Otherwise, the process may get SEGV, in the call of filter accessing invalid memory scanning over allocated area.
(If we could be back in the day of 1.32, the filter function would have an argument for args->precision, though).
Like this:
@@ -1196,10 +1196,25 @@ pr_string (estream_printf_out_t outfnc, void *outfncarg,
future, when breaking API/ABI is OK, we can change signature of
gpgrt_string_filter_t to have another argument for precision. */
int allow_non_nul_string = (arg->precision >= 0);
+ char *stringbuf = NULL;
if (arg->vt != VALTYPE_STRING)
return -1;
- if (sf && !allow_non_nul_string)
+
+ if (!value.a_string)
+ string = NULL;
+ else if (sf && allow_non_nul_string)
+ {
+ for (n=0,s=value.a_string; n < arg->precision && *s; s++)
+ n++;
+ stringbuf = malloc (n+1);
+ if (!stringbuf)
+ return -1;
+ memcpy (stringbuf, value.a_string, n);
+ stringbuf[n] = 0;
+ string = sf (stringbuf, string_no, sfvalue);
+ }
+ else if (sf)
string = sf (value.a_string, string_no, sfvalue);
else
string = value.a_string;
@@ -1240,7 +1255,13 @@ pr_string (estream_printf_out_t outfnc, void *outfncarg,
rc = 0;
leave:
- if (sf && !allow_non_nul_string) /* Tell the filter to release resources. */
+ /* Tell the filter to release resources. */
+ if (sf && stringbuf)
+ {
+ sf (stringbuf, -1, sfvalue);
+ free (stringbuf);
+ }
+ else if (sf)
sf (value.a_string, -1, sfvalue);
return rc;I see your point: allocating STRINGBUF to make sure nul-terminated string.

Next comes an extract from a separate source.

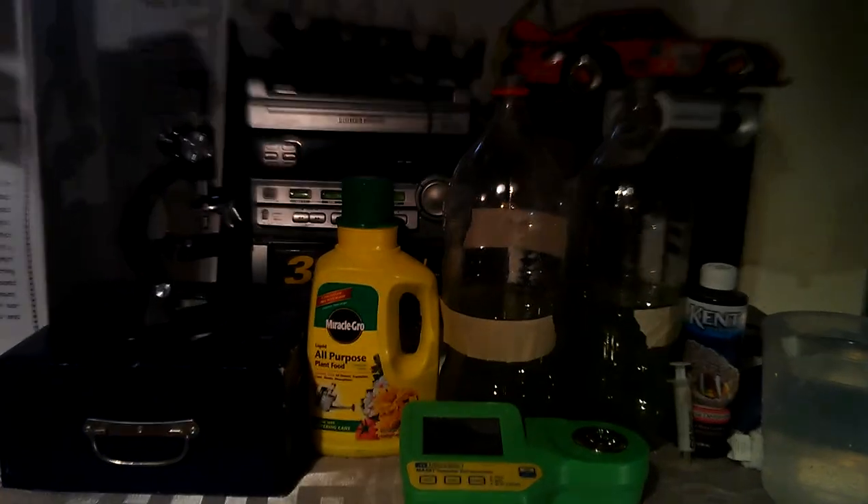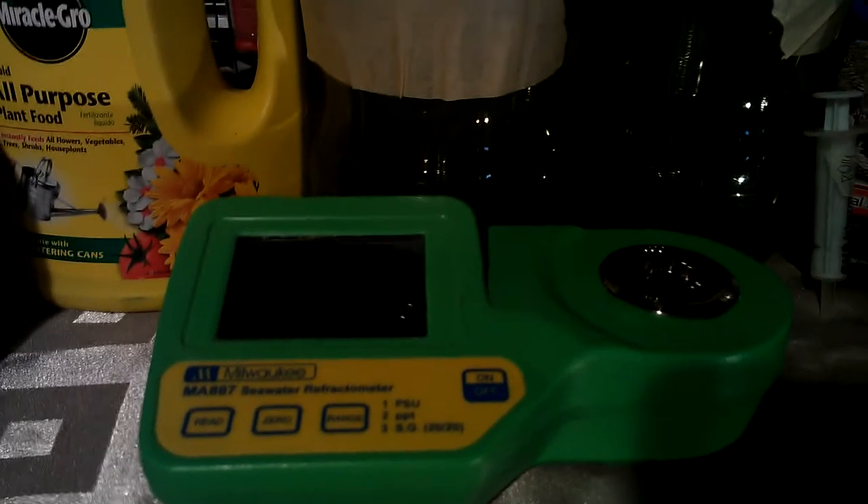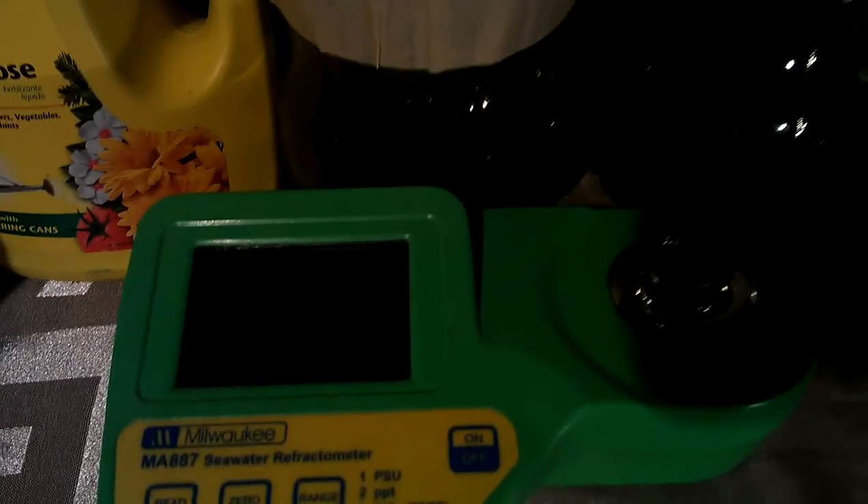This is my how-to on making phytoplankton. What you will need is all-purpose Miracle-Gro plant food, a salt factor meter — make sure it is at 1.019 — Essential Elements by Kent, a syringe, and two empty liter soda bottles.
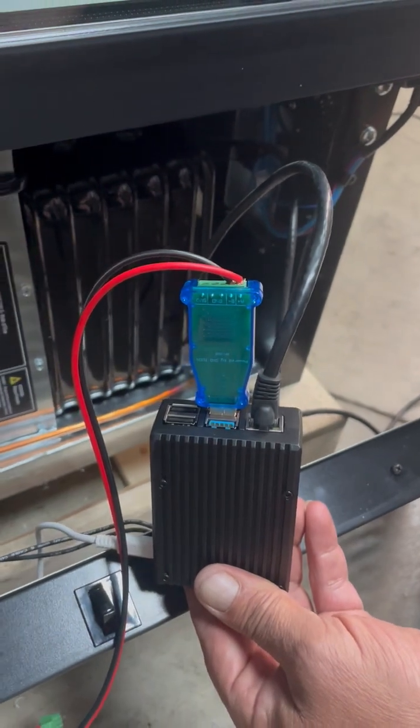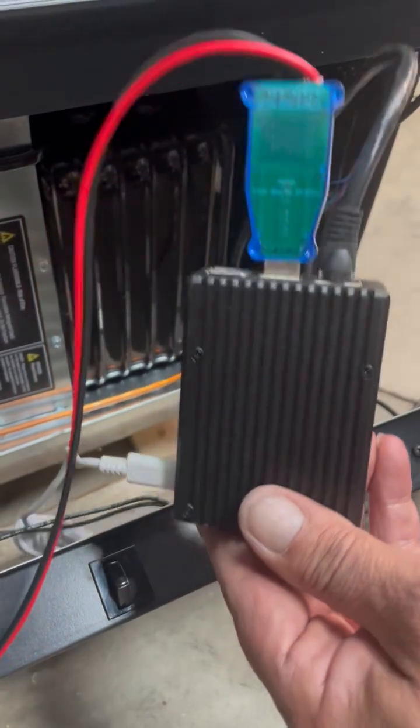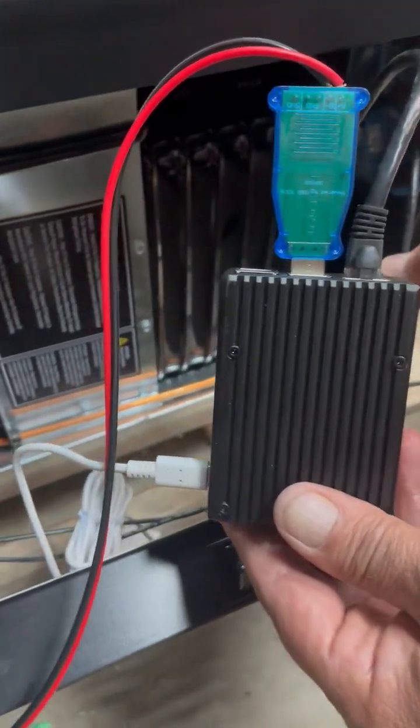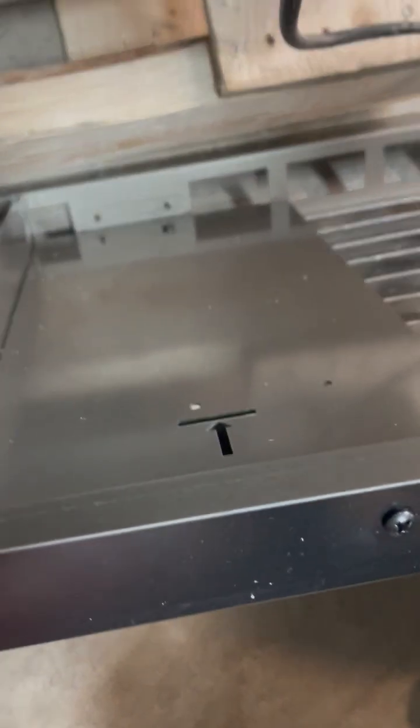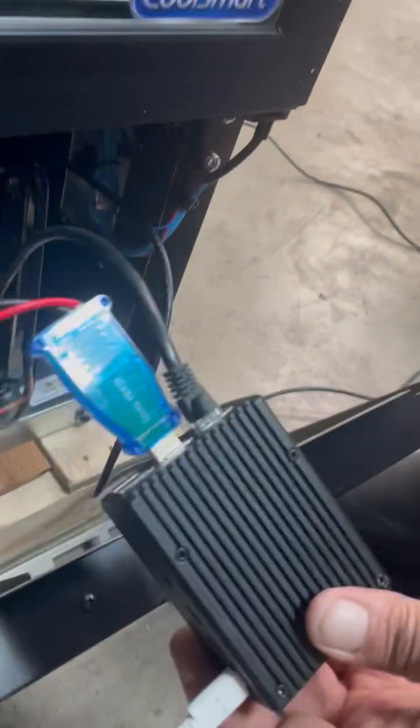And then connected to the wall in the back. You can also take the Raspberry Pi and mount it to the back side of the grill right here with double-back tape or velcro or something like that. Hope that helps, thank you.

The code itself doesn't work well in a test case of tests/t-prinntf.c, because it assumes string filter should be called with NULL for string.
To handle all the things, I'd revert the change of mine and then applying the idea of allocating STRINGBUF, keeping the behavior of limiting by arg->precision.